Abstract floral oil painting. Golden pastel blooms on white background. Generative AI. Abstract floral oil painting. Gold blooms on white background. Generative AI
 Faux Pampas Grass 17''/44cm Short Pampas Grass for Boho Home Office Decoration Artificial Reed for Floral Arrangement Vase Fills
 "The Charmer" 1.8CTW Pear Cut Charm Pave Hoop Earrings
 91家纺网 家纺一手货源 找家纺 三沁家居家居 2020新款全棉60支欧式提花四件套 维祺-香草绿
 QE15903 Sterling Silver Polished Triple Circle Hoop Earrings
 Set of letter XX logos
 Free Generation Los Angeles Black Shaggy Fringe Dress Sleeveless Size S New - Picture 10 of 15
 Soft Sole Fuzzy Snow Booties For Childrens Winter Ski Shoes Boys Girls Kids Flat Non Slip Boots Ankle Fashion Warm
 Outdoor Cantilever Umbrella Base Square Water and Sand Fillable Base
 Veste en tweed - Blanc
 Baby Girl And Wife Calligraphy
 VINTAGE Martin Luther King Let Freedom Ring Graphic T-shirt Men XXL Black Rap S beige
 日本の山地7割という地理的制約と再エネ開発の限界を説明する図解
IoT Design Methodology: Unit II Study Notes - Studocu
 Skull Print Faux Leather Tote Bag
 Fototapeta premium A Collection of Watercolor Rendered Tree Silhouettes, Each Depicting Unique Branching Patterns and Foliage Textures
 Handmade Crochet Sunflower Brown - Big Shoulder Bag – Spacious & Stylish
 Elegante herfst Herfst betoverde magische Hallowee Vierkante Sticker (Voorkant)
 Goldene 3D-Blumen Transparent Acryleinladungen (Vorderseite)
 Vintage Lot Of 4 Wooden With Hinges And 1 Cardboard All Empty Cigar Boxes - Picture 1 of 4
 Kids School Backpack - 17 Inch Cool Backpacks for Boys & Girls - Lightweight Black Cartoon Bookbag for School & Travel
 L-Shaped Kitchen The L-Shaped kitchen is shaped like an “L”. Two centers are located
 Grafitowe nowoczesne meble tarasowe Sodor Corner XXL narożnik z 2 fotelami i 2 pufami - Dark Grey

* Task objective *
Lines containing the word "Girls" must be found in the data above and copied.

* Worked solution *
 Soft Sole Fuzzy Snow Booties For Childrens Winter Ski Shoes Boys Girls Kids Flat Non Slip Boots Ankle Fashion Warm
 Kids School Backpack - 17 Inch Cool Backpacks for Boys & Girls - Lightweight Black Cartoon Bookbag for School & Travel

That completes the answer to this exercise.